Code 4860 is about a missing refund the cardholder expected. If they are disputing the quality of goods they still have, that is 4853. If they claim goods were never delivered, that is 4855. The equivalent on other networks is Visa 13.6, Amex C02, and the Discover credit-not-processed scenario within RM.
Cross-Network Equivalent Codes
| Network | Code | Title | Notes |
|---|---|---|---|
| Mastercard | 4860 | Credit Not Processed | This page |
| Visa | 13.6 | Credit Not Processed | Direct equivalent; same evidence strategy |
| Amex | C02 | Credit Not Processed | Direct equivalent; Amex uses same code name |
| Discover | RM | Cardholder Disputes Quality | Credit disputes often filed under RM on Discover network |
Common Trigger Scenarios
- Return accepted but credit never issued. A customer returned a product in-store or by mail, received an acknowledgment that the return was accepted, but the credit was never submitted to the card network. The cardholder waited the expected processing time and filed a dispute when nothing appeared.
- Customer service promised a refund that was never processed. A support agent told the customer "your refund will be processed within 5-7 business days" but the refund was never actually submitted. Either a processing error occurred, the agent exceeded their authority, or the promise fell through the cracks.
- Cancelled order refund delayed past reasonable timeframe. An order was cancelled — either by the customer or by the merchant — and the merchant acknowledged the cancellation, but the refund took longer than the cardholder expected (or never came). The cardholder filed a chargeback rather than waiting further.
- Credit issued to wrong card or account. The merchant processed the refund but to a different card number — a previous card, a different family member's card, or a card that has since been replaced. The credit was issued but the cardholder never saw it.
- Partial refund for a full-refund-expected situation. The merchant issued a partial credit when the cardholder expected a full refund. The cardholder disputes the remaining balance as a missing credit, treating the partial amount as inadequate.
Key Deadlines & Timeframes
| Milestone | Timeframe | Notes |
|---|---|---|
| Cardholder Filing Window | 120 days | From the transaction date or date credit was promised |
| Merchant Response Window | 45 days | From acquirer receipt; processor may impose shorter deadline |
| Credit Processing Time | 3–5 days | Standard Mastercard credit posting time after merchant submission |
Evidence You Will Need
The primary question is whether a credit was issued.
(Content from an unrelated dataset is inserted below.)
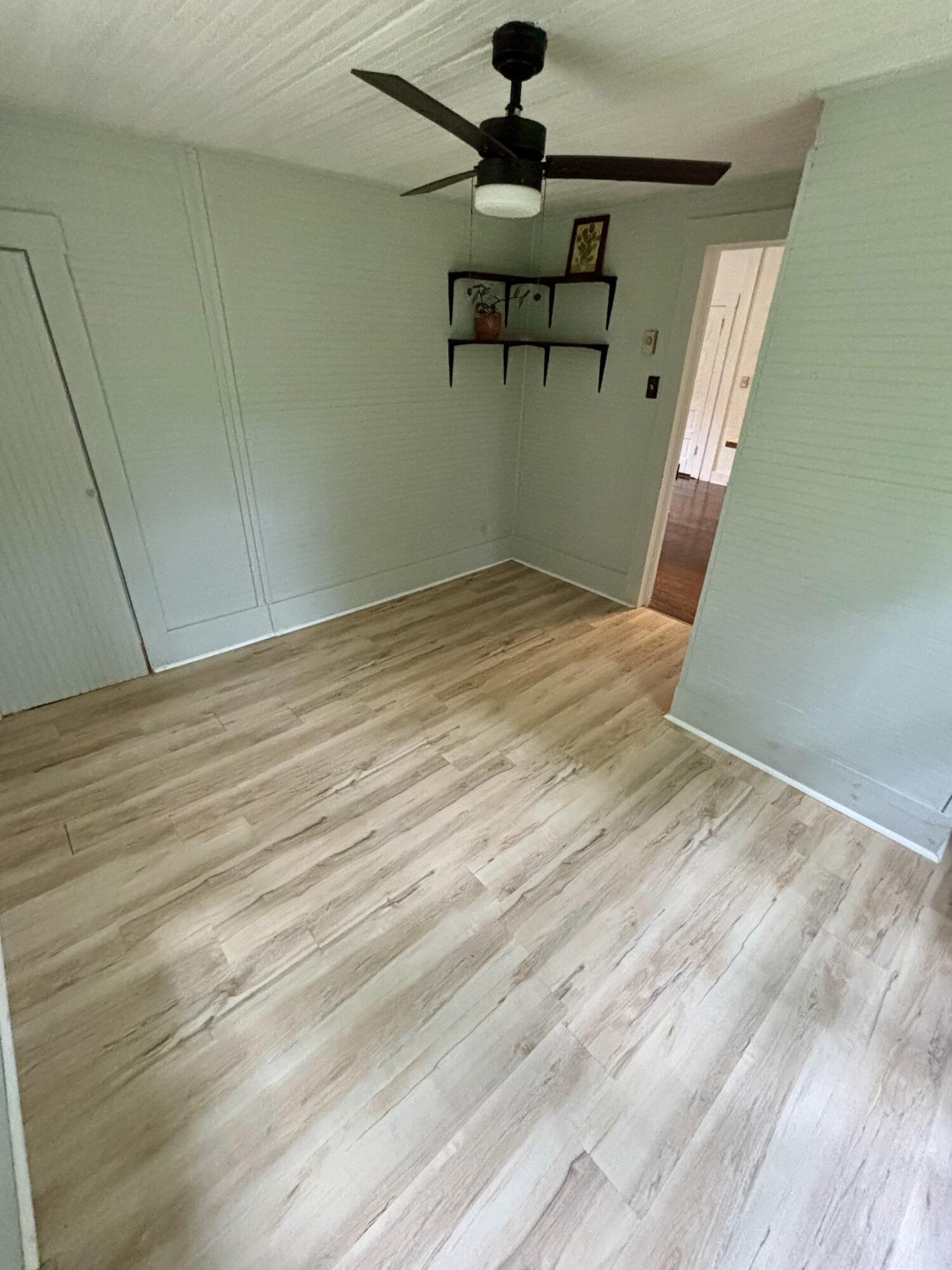 611 Mabry LN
Pull your transaction records before anything else.
- Credit transaction record from your processor showing the refund was submitted — credit reference number, date processed, amount, and the card number it was issued to
- Return or cancellation confirmation showing the customer's return was accepted or order was cancelled, and the refund amount authorized
- Your return policy if the dispute involves a situation where a credit is not owed — showing the no-refund policy was conspicuously disclosed at time of purchase
- Customer service communication records documenting any interactions about the refund request, particularly any promises made or denied
- Batch settlement records showing the credit transaction was included in a submitted batch if the credit was issued but may not have reached the cardholder's account due to routing
- For store credit situations: documentation showing the cardholder was informed of the store-credit-only policy and accepted it, including their use of the store credit if applicable
Learn Exactly How to Package and Present This Evidence
The Processing Error Defense Guide covers how to pull credit transaction records from your processor, how to handle the "credit issued to wrong card" scenario, and how to defend a no-refund policy claim under 4860.
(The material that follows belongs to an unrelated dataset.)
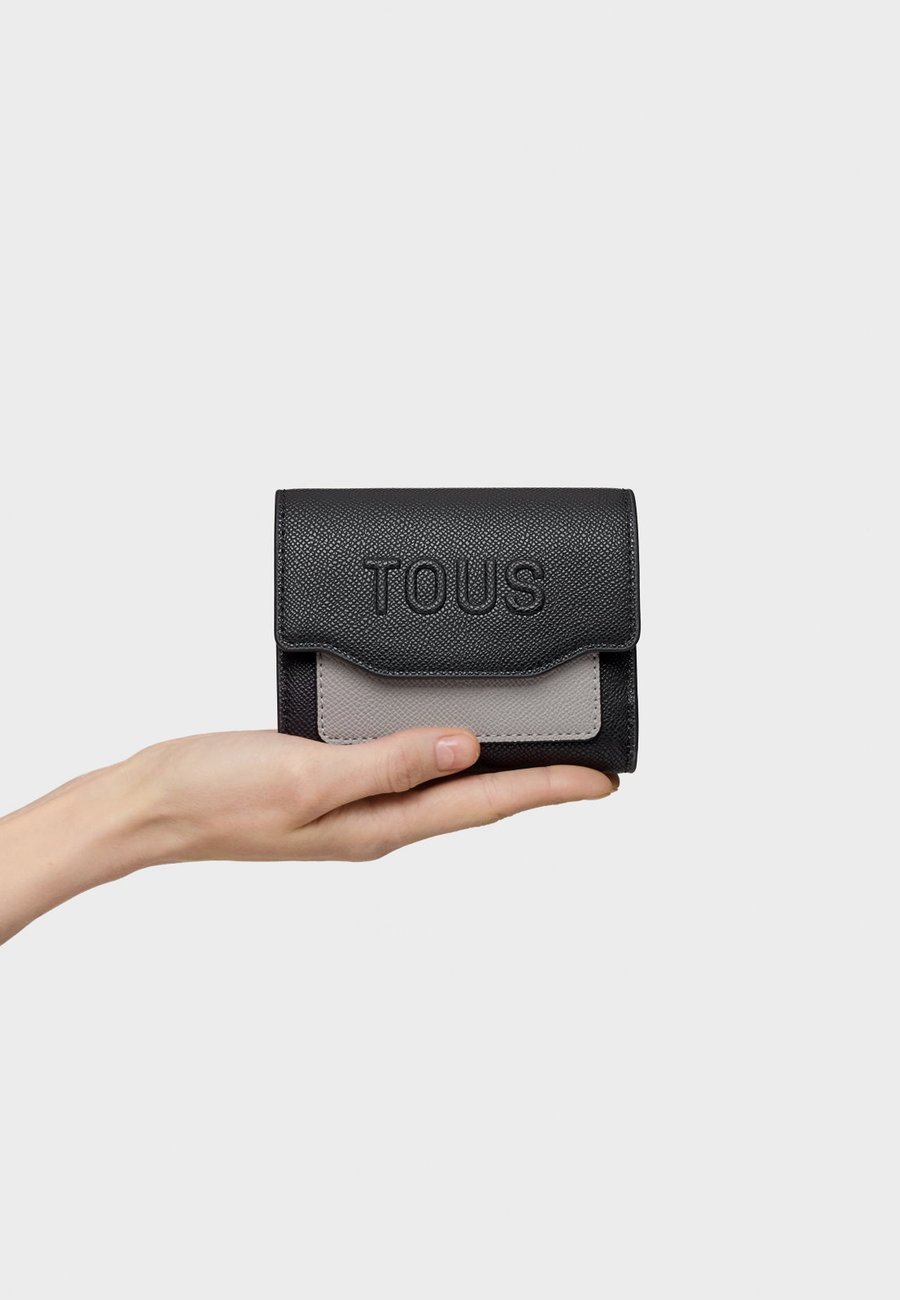 Кошелек Tous Wallet, Black
Кошелек Tous Wallet, Black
Learn exactly how to package and present this evidence →How Merchants Lose This Dispute
- Credit was genuinely never processed. The most common cause of 4860 losses is that the refund simply was not submitted. A staff member accepted a return and told the customer the credit was coming, but never actually processed it in the system. Implement return workflows that require a credit transaction number before the return is considered complete.
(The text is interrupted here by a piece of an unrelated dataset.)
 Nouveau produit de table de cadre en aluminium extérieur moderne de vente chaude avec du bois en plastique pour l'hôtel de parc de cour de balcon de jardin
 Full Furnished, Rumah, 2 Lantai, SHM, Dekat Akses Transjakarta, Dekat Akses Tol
- Cannot produce a credit reference number. Even if you believe a credit was issued, without a credit transaction reference number from your processor, you cannot prove it. "We always process refunds" is not sufficient evidence — the specific transaction record is required.
- Store credit offered when card refund was owed. If you issued a store credit without the cardholder's agreement, or your no-refund policy was not clearly disclosed at purchase, the cardholder is entitled to a card refund and your store credit does not defeat the chargeback.
- Credit issued outside the allowable window. If you wait too long to process a credit — past 30 days in many cases — the credit may not post correctly or may not be accepted by the network. Process refunds promptly after the return or cancellation is accepted.
Get the Step-by-Step Winning Strategy
Our Processing Error Defense Guide includes the credit documentation format Mastercard reviewers need, how to handle the partial-vs-full-refund dispute scenario, and prevention workflows that eliminate 4860 chargebacks from the source.
Get the step-by-step winning strategy →Response Framework Overview
- If credit was processed: lead with the credit reference number, processing date, and amount. This is usually sufficient to resolve the dispute in your favor within days.
- If credit was not owed: present your return or cancellation policy showing the cardholder is not entitled to a refund under the terms they agreed to at purchase.
- Attach the return or cancellation documentation. Show what the cardholder returned or cancelled, when, and what the agreed resolution was.
- Include customer service records. If a refund was promised, show what was communicated. If a refund was declined with explanation, show that communication as well.
- For store credit situations: provide evidence the cardholder agreed to store credit and, if available, evidence they used it — confirming they received the benefit of the credit.
Prevention Tips
- Require a credit transaction number before closing any return. Build your return workflow so that a refund cannot be marked "complete" until a credit reference number has been generated by your processor. This eliminates the "return accepted but credit never processed" scenario entirely.
- Send automated refund confirmation emails. When a credit is processed, immediately send the cardholder an email confirming the refund amount, date, and expected posting time. This prevents premature chargeback filings from customers who don't know the credit is coming.
- Process credits within 5 business days of return acceptance. Delayed credits are one of the leading triggers of 4860 disputes. A fast refund policy eliminates cardholder frustration before it becomes a chargeback.
- Make no-refund and store-credit-only policies visible at checkout. If your refund policy does not include cash-back to the original card, that must be disclosed prominently at purchase — on the product page, at checkout, and on the receipt. Hidden no-refund policies generate 4860 chargebacks at high rates.
Frequently Asked Questions
What triggers a Mastercard 4860 chargeback?
A 4860 chargeback is triggered when a cardholder expected a credit on their account but it never appeared. Common triggers include a return accepted but never credited, a customer service promise unfulfilled, a cancelled order not refunded, or a credit issued to the wrong card.
How long does a Mastercard refund take to appear?
Mastercard credits typically take 3-5 business days to appear after the merchant processes the refund. The merchant must actually submit the credit to their processor — promising a refund doesn't start the clock. If a chargeback arrives while a recent credit is still processing, provide your credit transaction record as evidence.
Can I win a 4860 if I already issued a refund?
Yes — this is the most winnable version of a 4860. Provide the credit transaction reference number, the date it was submitted, and the amount. The issuer will verify the credit posted and resolve the dispute in your favor.
What if I issued a store credit instead of a card refund?
A store credit is not equivalent to a Mastercard credit unless the cardholder explicitly agreed to accept it in lieu of a refund. If your return policy offers store credit only, that policy must be clearly disclosed at time of purchase. Even with disclosure, Mastercard may still side with the cardholder if the policy was not sufficiently prominent.